[Four LSU players poised to succeed]
Sunday, January 1, 2006
The big guy, who really was a baby at the time, recalled meeting Collis Temple II for the first time.
“We all played in the same area and I was playing for the Monticello Bandits,” Glen Davis said. “Garrett (Temple) was playing for the Sports Academy Cubs and we had played them and I had scored 23. I saw this big, tall man come walking up and it was Mr. Temple.”
Davis, the one known as Big Baby, was about to have his life changed forever. Mr.
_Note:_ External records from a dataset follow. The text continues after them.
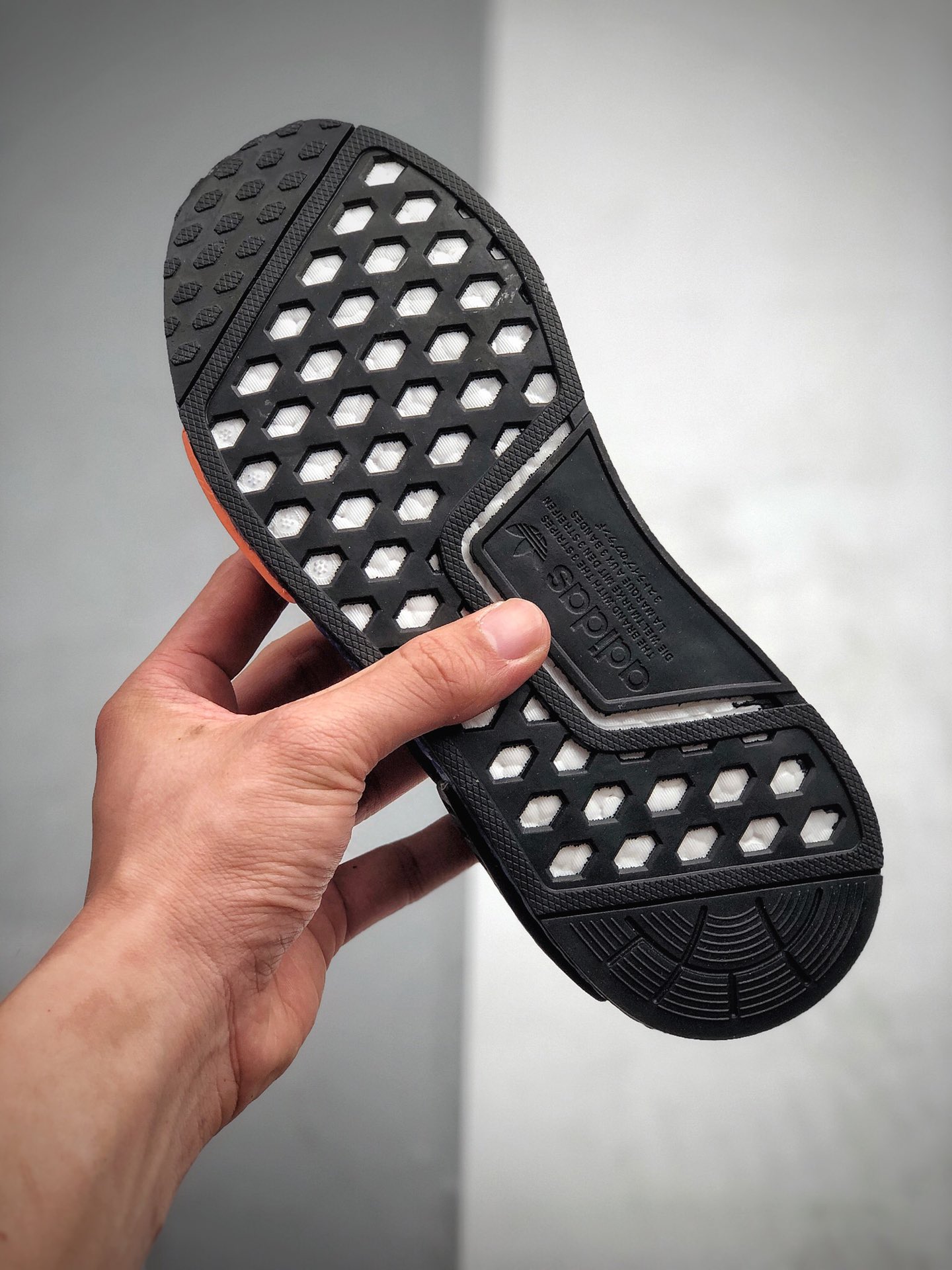 210 Adidas Boost NMD  R1  缓震能性卓越 体质盈轻且抗冲击 整双鞋子的透气和性舒适完度美 货号：FV8524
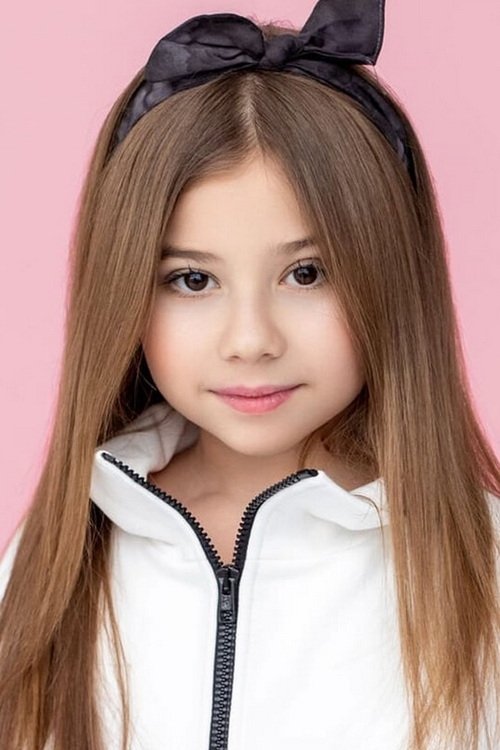 Милана Хаметова's picture in the cast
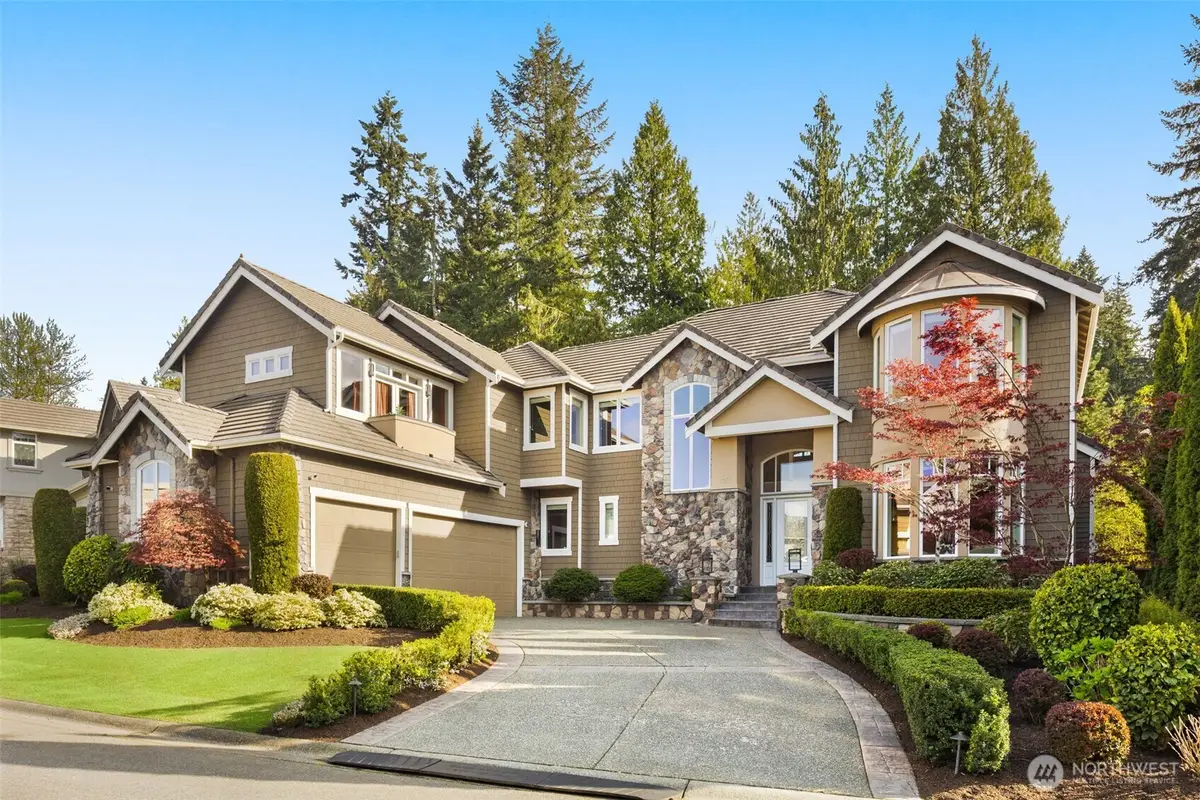 8251 154th Avenue Se, Newcastle, WA 98059 - #1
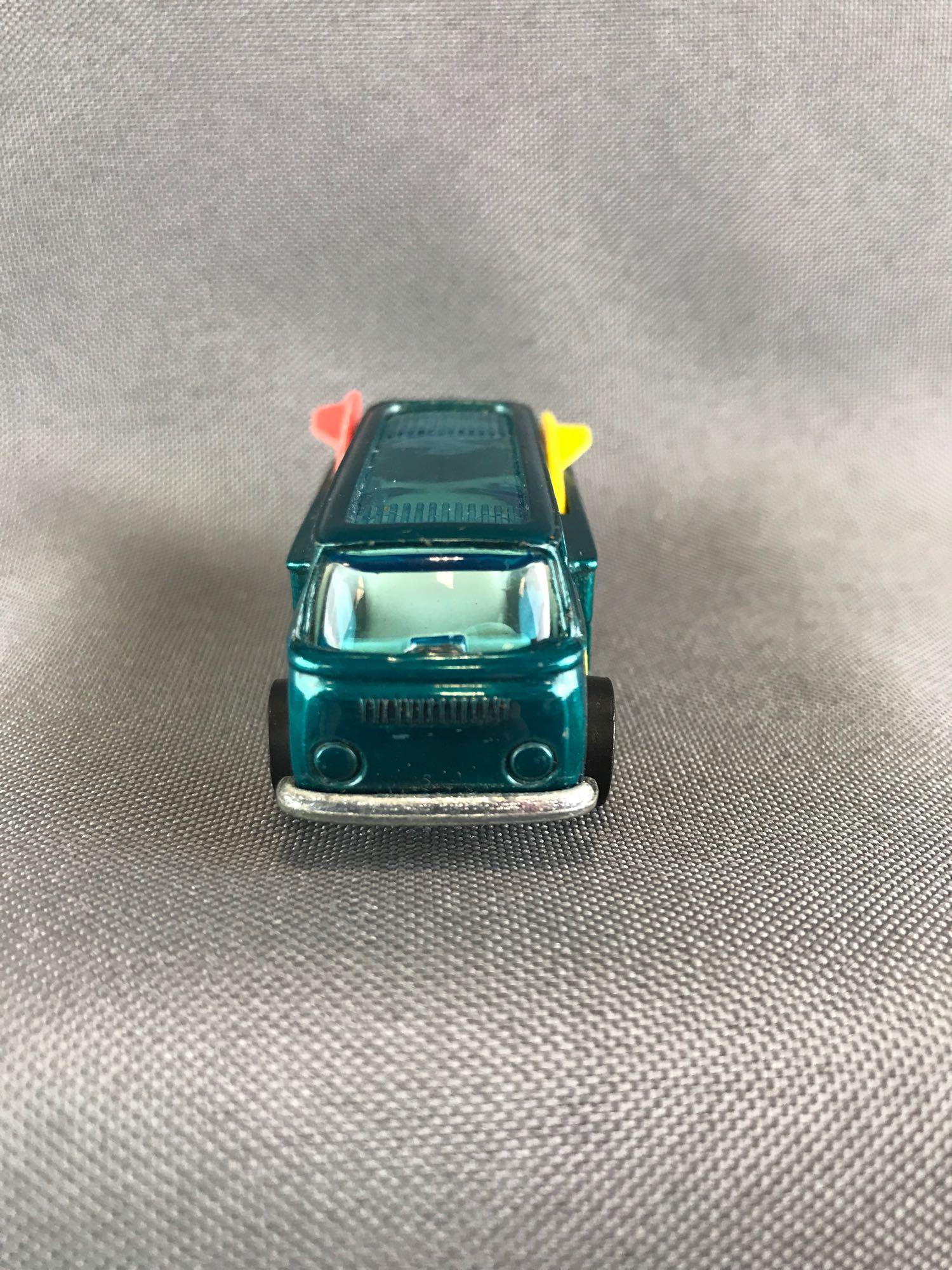 Hot Wheels Redline Volkswagen Beach Bomb die-cast Vehicle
Temple, Garrett’s father and the first African-American basketball player at LSU, was and is, simply put, the cog in the wheel of local basketball.
“Everybody was saying not to talk to that guy, but I figured I had nothing to lose,” Davis said. “So I ended up talking to him and I liked the guy and ended up playing for him.”
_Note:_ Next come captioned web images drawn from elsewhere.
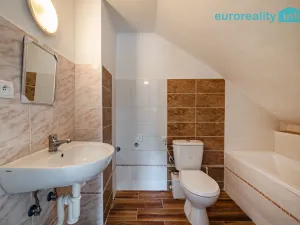 Pronájem bytu 1+1, Kraslice, Rybná, 30 m2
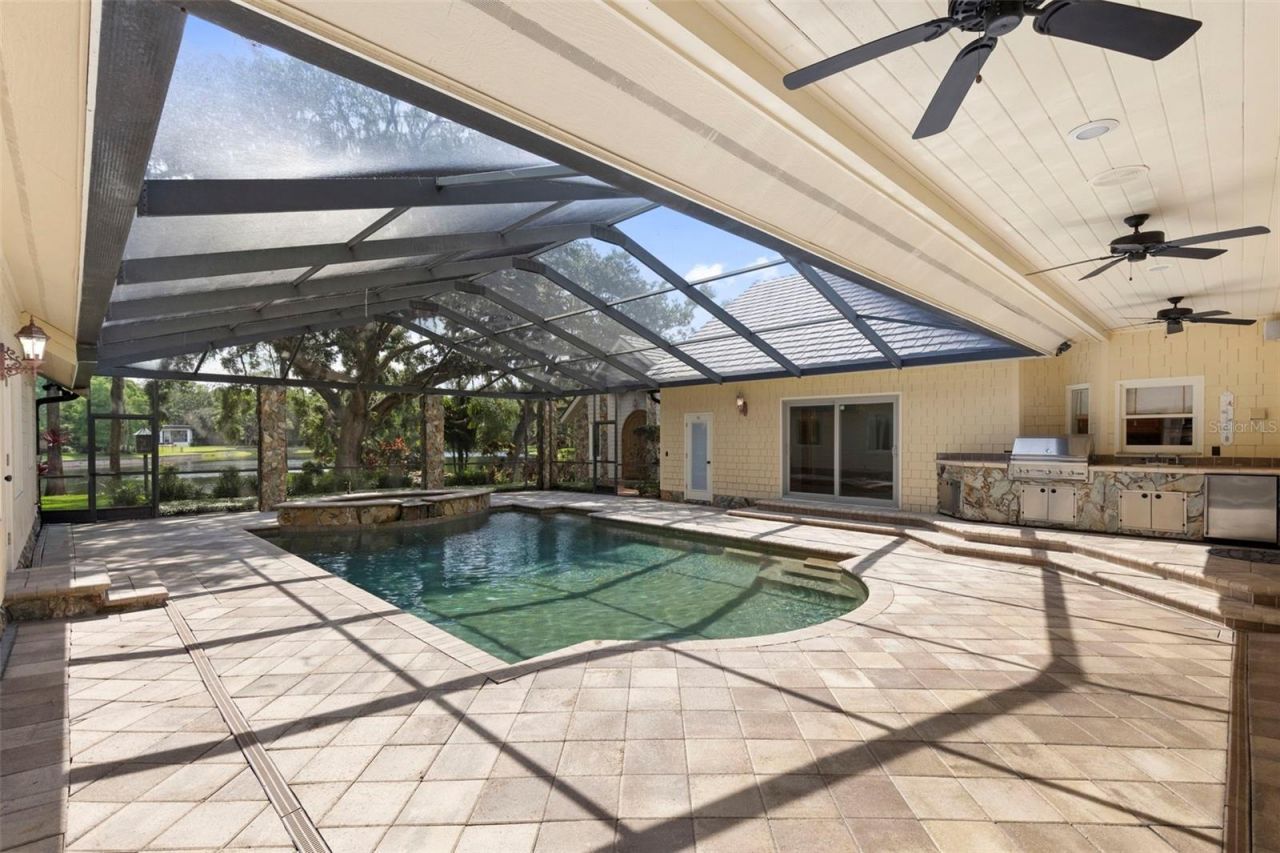 16310 Avila Boulevard, Tampa, FL 33613 Photo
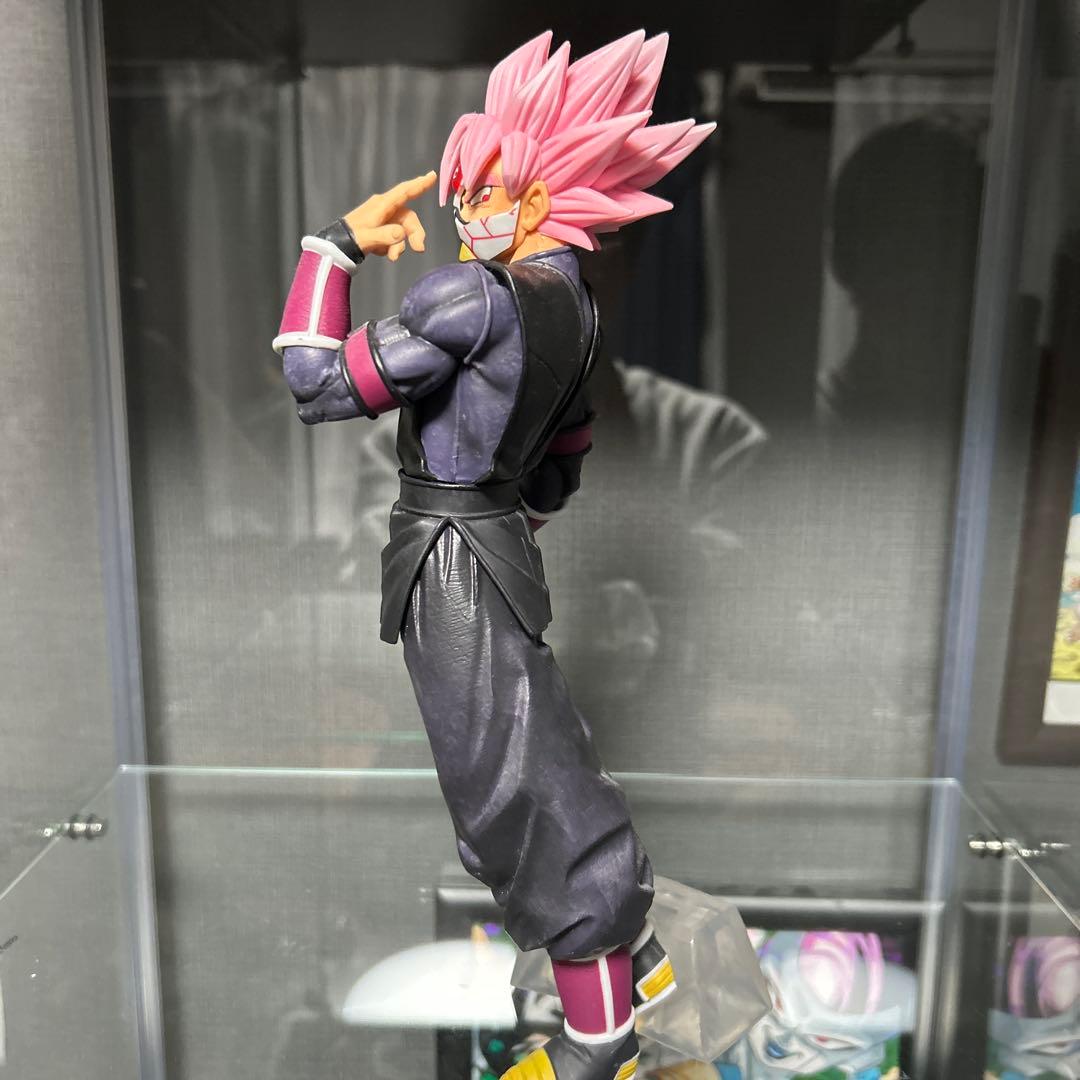 ドラゴンボールフィギュア 紅き仮面のサイヤ人 黒衣の戦士 箱無し
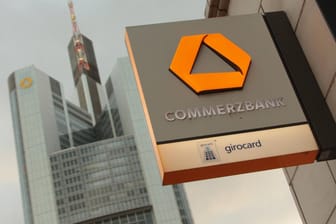 Commerzbank-Logo: Die lockere Geldpolitik der EZB zwingt zahlreiche Banken zu Maßnahmen.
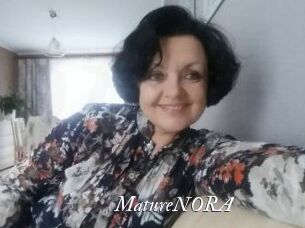 matureNORA Partouze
It changed the face of local hoops for years to come.
Davis joined his friend Garrett Temple at University High, where they won the 2002 and 2003 Class 2A state championships. Both signed with LSU, where last season the 6-foot-9 Davis was the Southeastern Conference freshman of the year. Temple, who sat out last season as a redshirt, will be counted on in LSU’s backcourt this year.
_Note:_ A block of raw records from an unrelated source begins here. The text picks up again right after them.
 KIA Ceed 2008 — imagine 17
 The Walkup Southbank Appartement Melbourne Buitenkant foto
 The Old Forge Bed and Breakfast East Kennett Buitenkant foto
What’s more, two of their other summertime teammates are also LSU Tigers: Freshman phenom Tasmin Mitchell of Denham Springs. Like Davis before him, he’s also a McDonald’s All-American and Louisiana player of the year. The fourth is Tyrus Thomas, a product of McKinley High who sat out last season with an injury. Both now are starters for the Tigers who have high NCAA Tournament aspirations in 2006.
Davis, Temple, Mitchell and Thomas first played together when they were 13.
“They were all going to come to LSU,” Collis Temple recalls. “Oh, yeah. It was by design. And Tyrus and Garrett, I’ve been bringing them here since they were 4-, 5-years old. On the court? Unreal chemistry. You can see it.”
That’s not all.
“Early Doucet, the wide receiver, he was the best player on that team,” Temple insists. “Tasmin and Doucet were the best players. Early Doucet was the number three player in America in that age group, at 11-, 12-, 13-years-old. He was big time.”
Even though Doucet chose the gridiron over hoops court, the four are relishing being together on the court again.